983 F.3d 1115
9th Cir.2020Background
- Plaintiff Damian Langere bought Verizon’s extended warranty, sued Verizon in a putative class action alleging consumer-protection violations, and sought class relief.
- Verizon moved to compel arbitration and to stay the district-court proceedings under the Federal Arbitration Act; the district court granted the motion and denied reconsideration.
- Langere, claiming arbitration was economically infeasible, voluntarily dismissed his claims with prejudice under Fed. R. Civ. P. 41(a)(1) (Verizon had not yet answered or moved for summary judgment).
- Langere then appealed the district court’s arbitration order and his own dismissal; Verizon moved to dismiss the appeal for lack of appellate jurisdiction.
- The Ninth Circuit panel concluded Omstead v. Dell (which had allowed appellate jurisdiction after voluntary dismissal) was effectively overruled by the Supreme Court’s Microsoft v. Baker decision and dismissed Langere’s appeal for lack of jurisdiction.
Issues
| Issue | Plaintiff's Argument | Defendant's Argument | Held |
|---|---|---|---|
| Whether a plaintiff's voluntary dismissal with prejudice after a district court orders arbitration creates appellate jurisdiction under 28 U.S.C. § 1291 | Langere: a voluntary dismissal with prejudice converts an interlocutory order (compelling arbitration) into a final appealable order, allowing immediate appeal (per Omstead) | Verizon: voluntary dismissal does not create a final, appealable judgment; FAA and § 16(b)/§1292(b) provide the exclusive discretionary route for interlocutory appeals of arbitration orders | Held: No. Voluntary dismissal with prejudice does not create appellate jurisdiction; appeal dismissed for lack of jurisdiction. |
| Whether Omstead v. Dell remains controlling after Microsoft v. Baker | Langere: Omstead permits review after voluntary dismissal and should govern here | Verizon: Microsoft’s reasoning (preventing plaintiffs from manufacturing appeals by voluntary dismissal) is clearly irreconcilable with Omstead and thus Omstead is effectively overruled | Held: Omstead is effectively overruled by Microsoft; Ninth Circuit abandons Omstead’s rule. |
Key Cases Cited
- Microsoft v. Baker, 137 S. Ct. 1702 (2017) (plaintiffs cannot manufacture final appellate jurisdiction by voluntarily dismissing claims to evade discretionary review regimes)
- Omstead v. Dell, Inc., 594 F.3d 1081 (9th Cir. 2010) (previous Ninth Circuit rule permitting appeal after voluntary dismissal following an order compelling arbitration)

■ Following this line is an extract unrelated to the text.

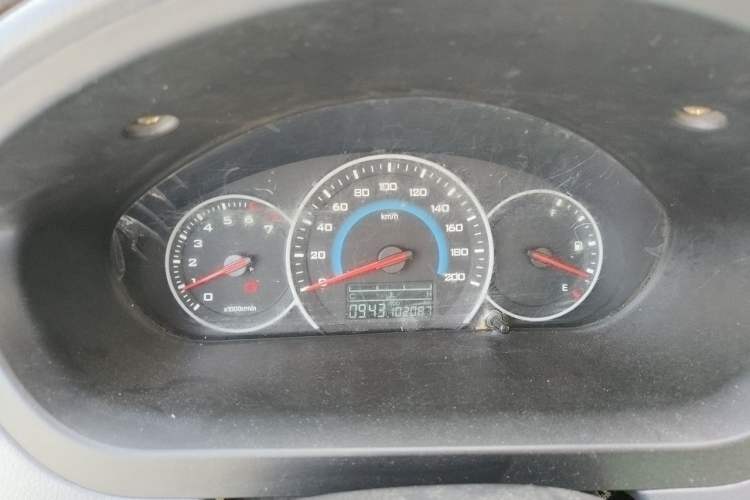 Used Wuling Rongguang V 2015 1.2L Base Version Instrument Cluster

- Johnson v. Consumerinfo.com, Inc., 745 F.3d 1019 (9th Cir. 2014) (§16(b) and §1292(b) provide the sole route for immediate appeal of orders compelling arbitration)
- Moses H. Cone Mem'l Hosp. v. Mercury Constr. Corp., 460 U.S. 1 (1983) (FAA favors rapid enforcement of arbitration agreements; limits preliminary litigation)

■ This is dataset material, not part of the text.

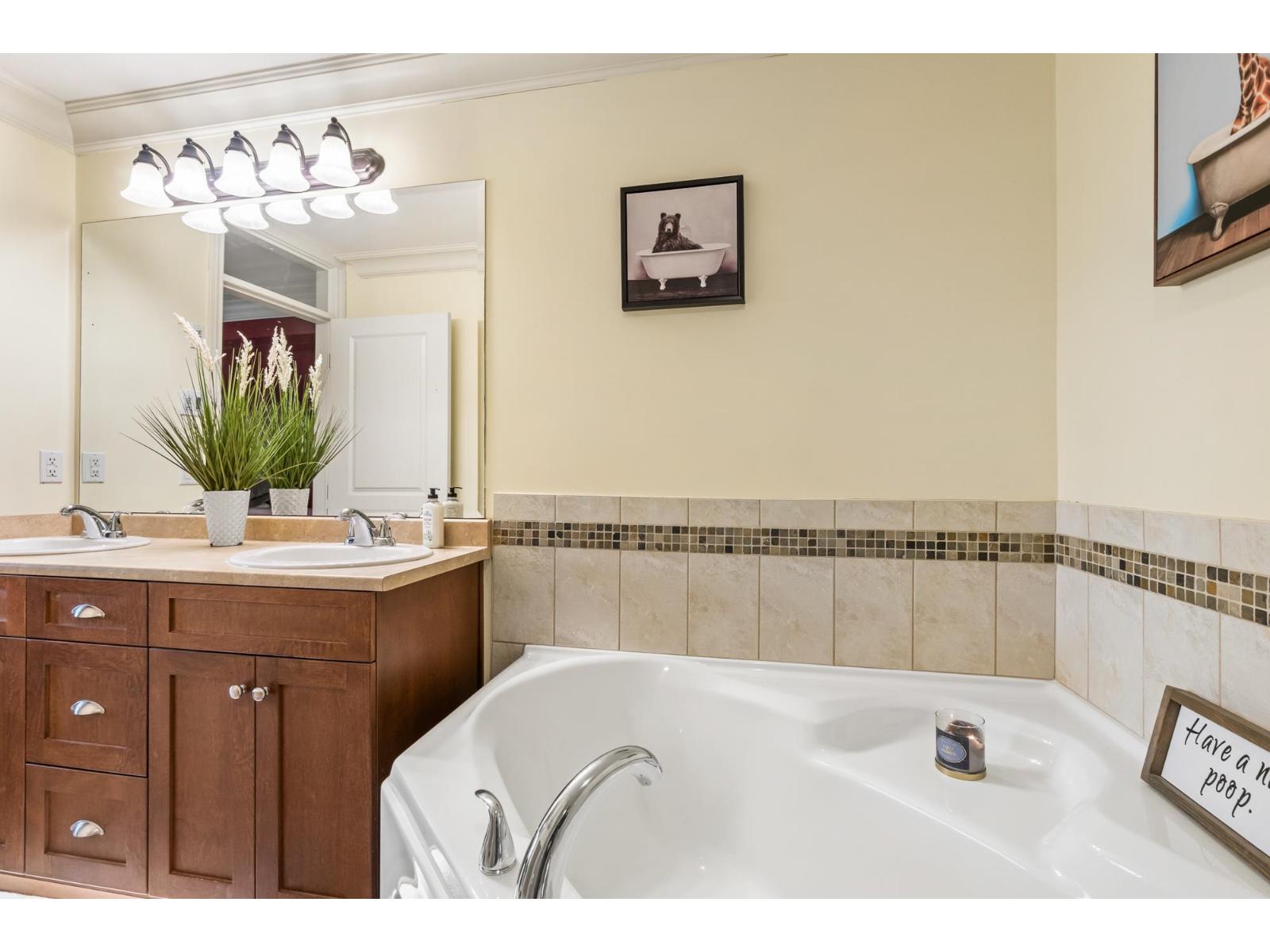 Photo 20 of 222 32729 Garibaldi Drive, Abbotsford BC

- Keena v. Groupon, Inc., 886 F.3d 360 (4th Cir. 2018) (applying Microsoft to hold plaintiffs cannot create appellate jurisdiction by voluntary dismissal after an arbitration order)
- Dorman v. Charles Schwab Corp., 934 F.3d 1107 (9th Cir. 2019) (illustrating Ninth Circuit practice of treating incompatible Supreme Court reasoning as effectively overruling prior circuit precedent)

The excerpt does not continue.